WHAT TO PRODUCE: From the line with "Томские ели" through the final line of the entries below, write out each line exactly and nothing else.

RECORD SET:

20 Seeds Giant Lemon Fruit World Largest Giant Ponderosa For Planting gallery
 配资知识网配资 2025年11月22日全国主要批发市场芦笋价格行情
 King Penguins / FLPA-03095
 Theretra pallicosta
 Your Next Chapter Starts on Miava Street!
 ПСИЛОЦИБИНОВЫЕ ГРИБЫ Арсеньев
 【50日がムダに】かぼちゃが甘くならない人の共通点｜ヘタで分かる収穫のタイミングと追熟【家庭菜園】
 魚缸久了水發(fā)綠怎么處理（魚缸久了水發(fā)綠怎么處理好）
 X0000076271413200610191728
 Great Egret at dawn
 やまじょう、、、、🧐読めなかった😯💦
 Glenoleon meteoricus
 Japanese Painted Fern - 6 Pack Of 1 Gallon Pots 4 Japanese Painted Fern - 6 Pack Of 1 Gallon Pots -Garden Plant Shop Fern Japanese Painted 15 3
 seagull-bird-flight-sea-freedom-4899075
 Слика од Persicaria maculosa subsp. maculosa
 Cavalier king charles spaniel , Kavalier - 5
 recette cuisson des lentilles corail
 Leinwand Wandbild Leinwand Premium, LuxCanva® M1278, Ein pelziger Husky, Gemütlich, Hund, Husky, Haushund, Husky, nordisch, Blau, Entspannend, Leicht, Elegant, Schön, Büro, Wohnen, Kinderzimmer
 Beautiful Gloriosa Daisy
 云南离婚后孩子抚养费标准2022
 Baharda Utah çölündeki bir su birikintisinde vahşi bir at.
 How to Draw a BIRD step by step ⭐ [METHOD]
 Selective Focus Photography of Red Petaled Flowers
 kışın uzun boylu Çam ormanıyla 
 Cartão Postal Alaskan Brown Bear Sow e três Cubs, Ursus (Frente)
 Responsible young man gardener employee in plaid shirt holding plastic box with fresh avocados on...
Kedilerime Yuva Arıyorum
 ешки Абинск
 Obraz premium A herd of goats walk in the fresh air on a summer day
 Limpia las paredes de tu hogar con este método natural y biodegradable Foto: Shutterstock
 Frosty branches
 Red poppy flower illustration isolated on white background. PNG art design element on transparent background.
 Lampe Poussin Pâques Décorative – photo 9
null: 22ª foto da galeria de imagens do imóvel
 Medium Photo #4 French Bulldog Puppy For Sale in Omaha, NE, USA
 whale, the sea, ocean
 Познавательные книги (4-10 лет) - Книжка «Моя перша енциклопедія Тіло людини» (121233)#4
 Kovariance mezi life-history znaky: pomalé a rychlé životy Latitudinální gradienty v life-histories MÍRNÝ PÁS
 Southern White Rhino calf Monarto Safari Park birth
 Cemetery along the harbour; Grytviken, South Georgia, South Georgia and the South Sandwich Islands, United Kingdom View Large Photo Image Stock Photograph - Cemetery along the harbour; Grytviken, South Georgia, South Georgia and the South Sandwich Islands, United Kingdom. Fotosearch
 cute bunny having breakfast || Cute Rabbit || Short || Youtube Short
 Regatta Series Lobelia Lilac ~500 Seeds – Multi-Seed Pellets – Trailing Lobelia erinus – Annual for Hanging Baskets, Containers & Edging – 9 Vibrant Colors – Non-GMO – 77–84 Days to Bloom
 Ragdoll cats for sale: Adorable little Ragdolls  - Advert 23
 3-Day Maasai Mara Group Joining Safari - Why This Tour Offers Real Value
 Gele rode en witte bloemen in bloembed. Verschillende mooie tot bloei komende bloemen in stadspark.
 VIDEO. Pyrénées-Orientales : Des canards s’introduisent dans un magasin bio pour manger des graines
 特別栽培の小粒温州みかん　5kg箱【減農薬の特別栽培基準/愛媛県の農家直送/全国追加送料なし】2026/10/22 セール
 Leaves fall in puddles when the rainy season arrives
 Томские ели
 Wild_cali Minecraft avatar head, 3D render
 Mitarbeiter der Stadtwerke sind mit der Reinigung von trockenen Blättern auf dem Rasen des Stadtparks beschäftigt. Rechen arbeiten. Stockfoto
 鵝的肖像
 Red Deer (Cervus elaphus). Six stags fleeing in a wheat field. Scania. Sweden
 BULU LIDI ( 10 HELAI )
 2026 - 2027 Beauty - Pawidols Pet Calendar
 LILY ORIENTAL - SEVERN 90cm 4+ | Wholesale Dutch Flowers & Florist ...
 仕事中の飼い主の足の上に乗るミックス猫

TASK RESULT:
 Томские ели
 Wild_cali Minecraft avatar head, 3D render
 Mitarbeiter der Stadtwerke sind mit der Reinigung von trockenen Blättern auf dem Rasen des Stadtparks beschäftigt. Rechen arbeiten. Stockfoto
 鵝的肖像
 Red Deer (Cervus elaphus). Six stags fleeing in a wheat field. Scania. Sweden
 BULU LIDI ( 10 HELAI )
 2026 - 2027 Beauty - Pawidols Pet Calendar
 LILY ORIENTAL - SEVERN 90cm 4+ | Wholesale Dutch Flowers & Florist ...
 仕事中の飼い主の足の上に乗るミックス猫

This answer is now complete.